**What this task involves**
From the line below containing "Fototapeta premium Lush" to the final line, print each line exactly as written. No pictures belong in the copy.

*** Opening Data records ***

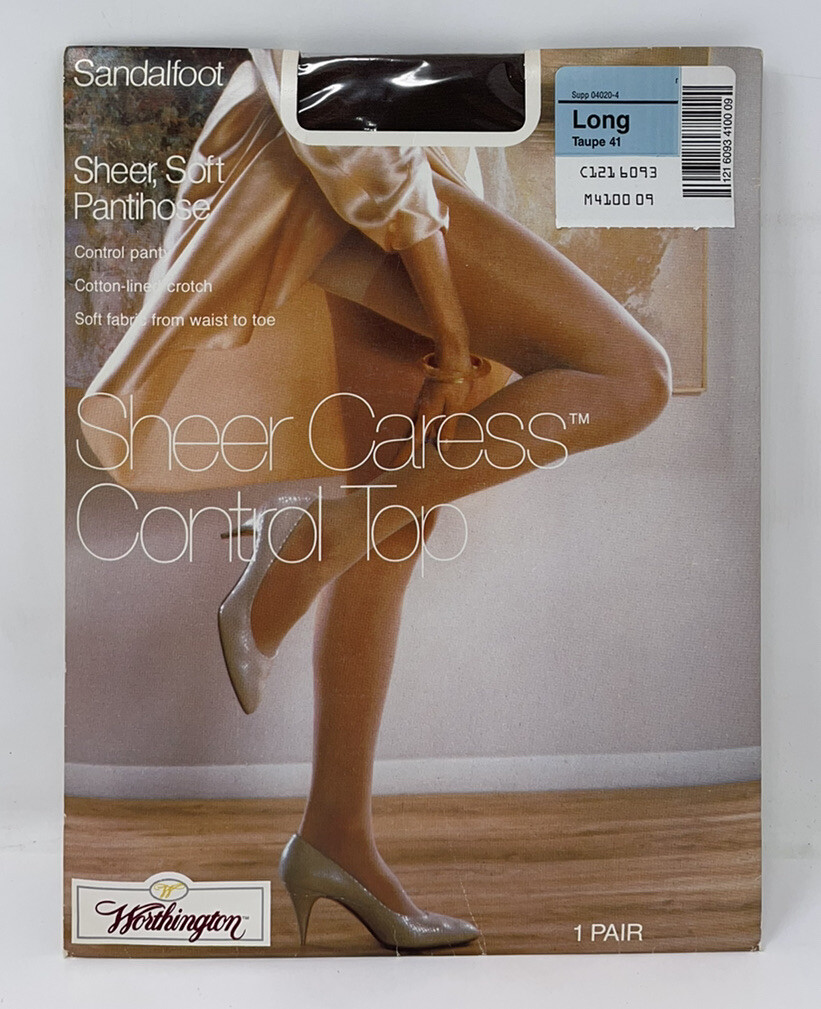 NIP NOS J.C. Penney Sheer Caress Control Top Pantyhose Sandalfoot Taupe 41 Long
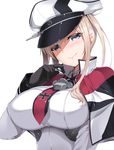  blonde_hair blue_eyes blush breasts capelet cross graf_zeppelin_(kantai_collection) hat iron_cross kantai_collection large_breasts long_hair looking_at_viewer nakano_sora necktie peaked_cap sidelocks simple_background smile solo twintails uniform white_background 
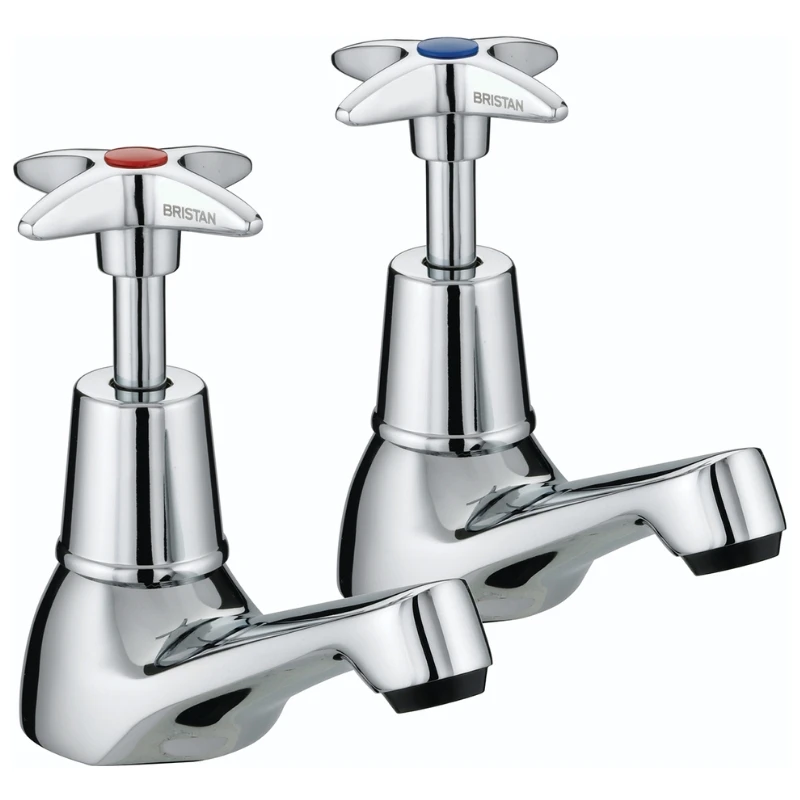 Bristan Cross Top Basin Taps - Chrome 3 Bristan Cross Top Basin Taps - Chrome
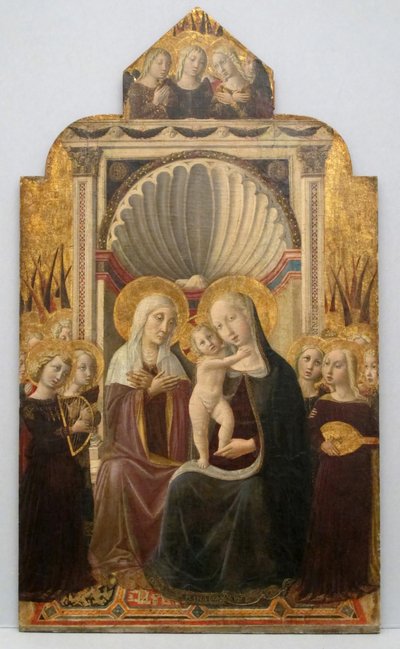 Heilige Anna und die Jungfrau mit Kind auf dem Thron mit Engeln, ca. 1458-1461 von Niccolò da Foligno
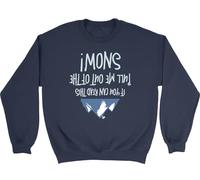 Shopagift If you can Read This Funny Ski Kids Sweatshirt Pull me out of the Snow Jumper Boys Girls Navy Blue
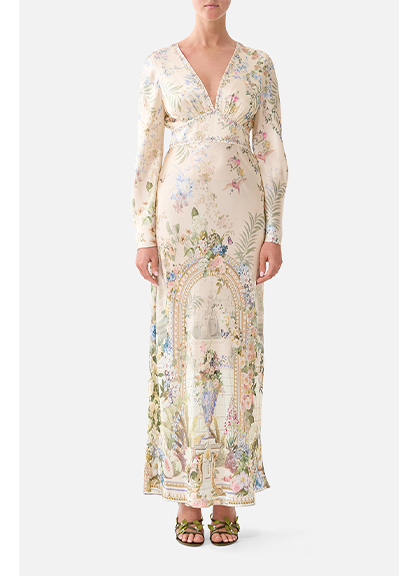 V NECK DRESS WITH FLARED SLEEVE | MIDSUMMER MASTERPIECE
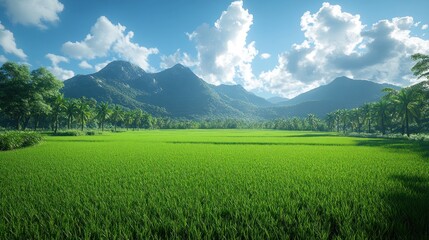 Fototapeta premium Lush rice paddy valley under sunny sky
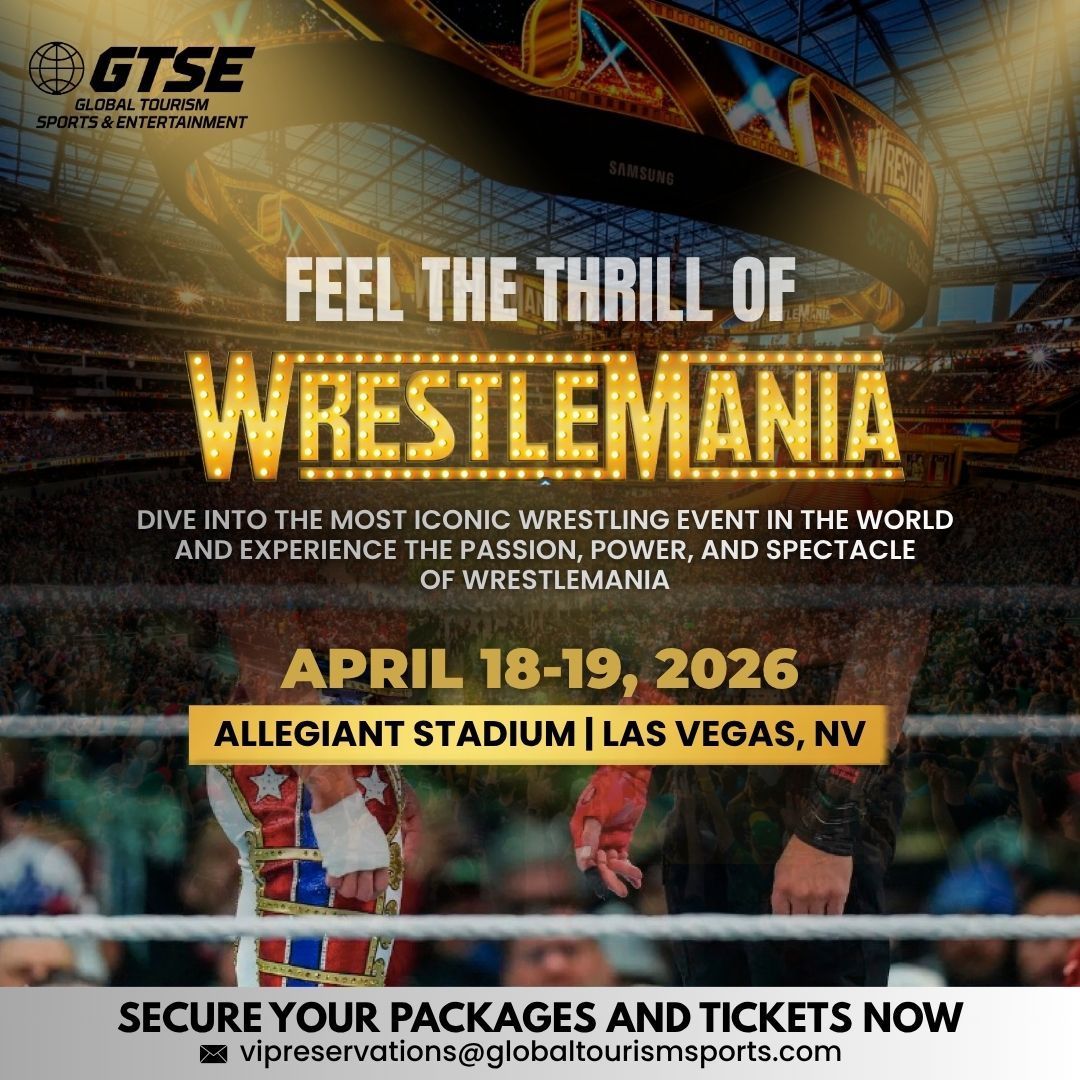 WrestleMania 2026 event promotion. Allegiant Stadium, Las Vegas. Dates: April 18-19.  Secure packages and tickets now.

*** Closing Data records ***

**Answer space**
 Fototapeta premium Lush rice paddy valley under sunny sky
 WrestleMania 2026 event promotion. Allegiant Stadium, Las Vegas. Dates: April 18-19.  Secure packages and tickets now.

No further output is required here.